Ответы Марка Аврелия и Луция Вера (который тоже получил пространную жалобу) трогательны, но банальны. Возможно, они думали, что старику учителю недолго осталось жить — и действительно, считается, что он умер несколько месяцев спустя, хотя об этом говорит только прекращение переписки. Фронтон был еще не очень стар — никак не старше шестидесяти пяти лет, — но его здоровье, на которое он жаловался давно, действительно резко ухудшилось из-за острого приступа артрита. Нам не приходится ставить под сомнение его великие душевные качества: привязанность императорской фамилии, которой он пользовался в течение двух поколений, очевидно, была заслужена какими-то неизвестными нам добродетелями. Преданности и придворной ловкости для этого было бы недостаточно. Точно известно, что благодаря обстоятельствам он заменил юному Марку Аврелию отца. Ученик писал: «Если ты хочешь, я чего-нибудь добьюсь»; учитель двадцать лет спустя ответил: «Я прожил довольно. Я увидел тебя императором — таким славным, как я надеялся, таким справедливым, как я предвидел, таким любезным римскому народу, как я желал». Сам учитель был хороший человек (не приходится сомневаться), красноречивый оратор (надо верить) и опытный юрист (этому тоже есть доказательства).

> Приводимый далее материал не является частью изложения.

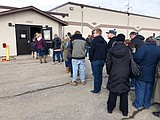 Democrats admit bumps in caucuses, but say they worked out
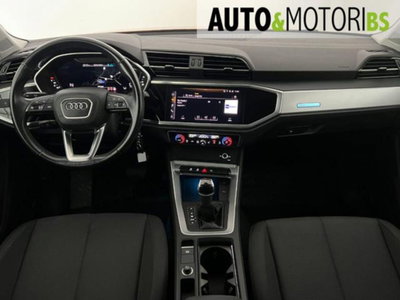 Audi Q3 Sportback 35 TDI quattro S tronic S line edition (10)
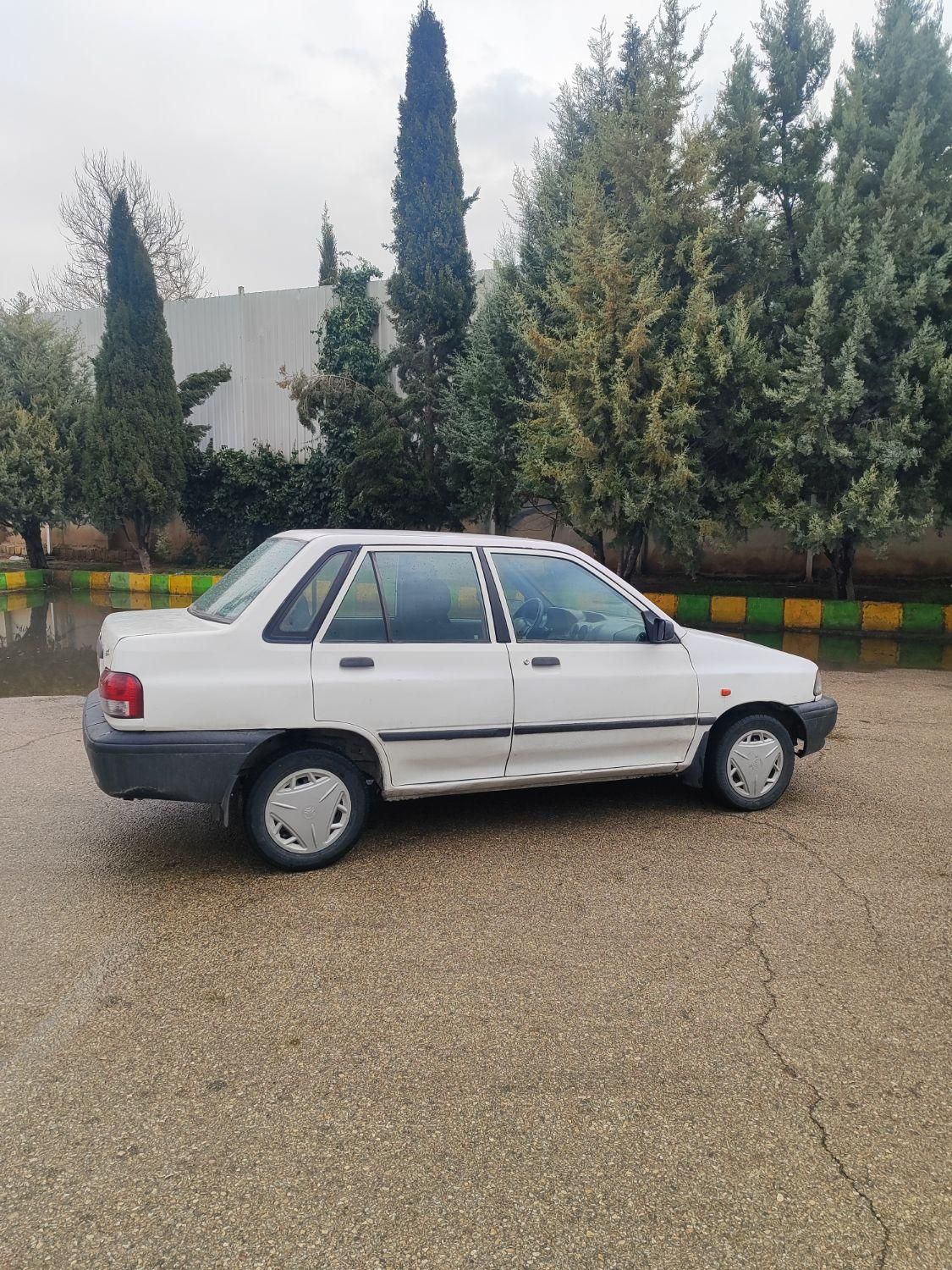 پراید 131 SL - 1392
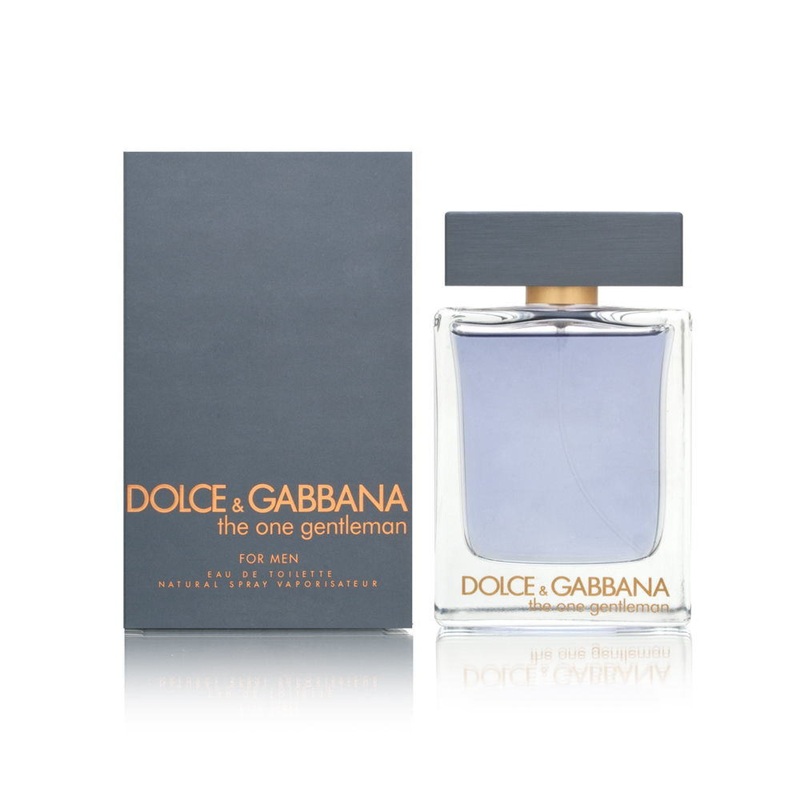 Dolce & Gabbana The One Gentleman 100ML EDT Spray (M)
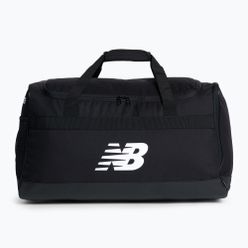 Tréninková taška New Balance Team Duffel Bag Med černo-bílá NBLAB13509BK.OSZ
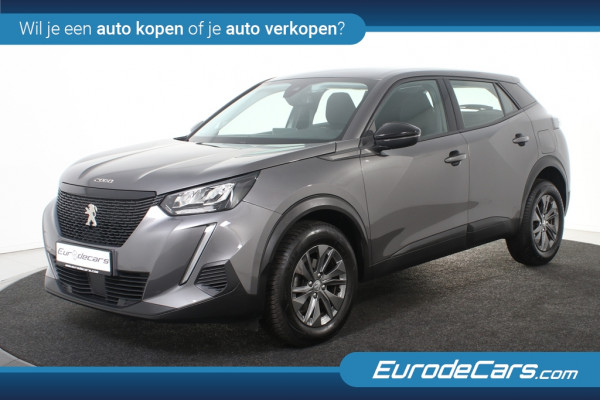 Peugeot 2008 Active *1ste Eigenaar*Navigatie*DAB*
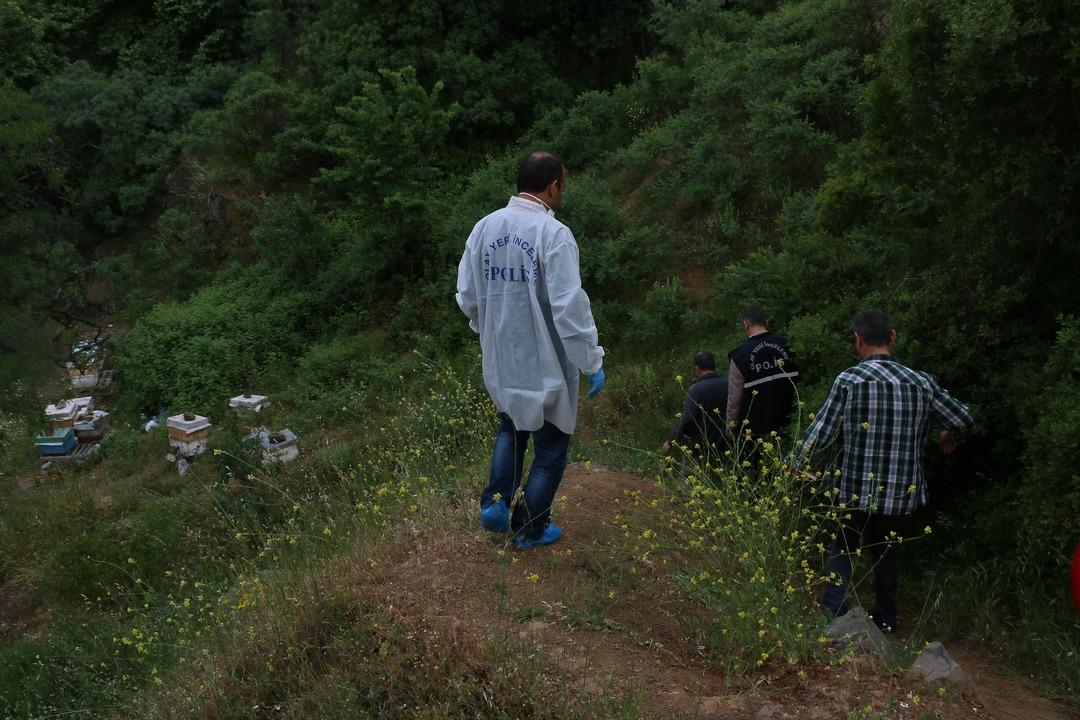 İki g&uuml;nd&uuml;r haber alınamıyordu! Duyan oraya koştu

Кстати, благодаря нескольким упоминаниям о деле ожерелья Матидии — племянницы Траяна и тетки Марка Аврелия — мы можем оценить роль, которую хороший адвокат и делец мог играть в жизни семейства, стоявшего выше подозрений. Дело о наследстве по поводу этого ожерелья было казусным. Марк Аврелий не хотел судиться с теми, кто получил его по некоему приложению к завещанию покойной старухи, составленному при неясных обстоятельствах. Фронтон решительно дал ему понять, что эта щепетильность лишает Фаустину и ее дочерей законного наследства. «Ты всегда был сведущим и справедливым судьей — неужели же в деле, которое прямо касается твоей жены, впервые рассудишь неправедно?» — спрашивает он. Император благодарил его за заботу и сказал, что прежде окончательного решения посоветуется с друзьями и с Луцием Вером. Он явно колебался и тянул время. Фронтон рассказал о деле своему зятю Викторину и в заключение написал: «Боюсь, как бы твоя философия не привела тебя к дурному решению». Учитель и ученик находились на двух разных полюсах общества, больного законничеством и смущенного философскими учениями. Чем кончилось дело, мы не знаем.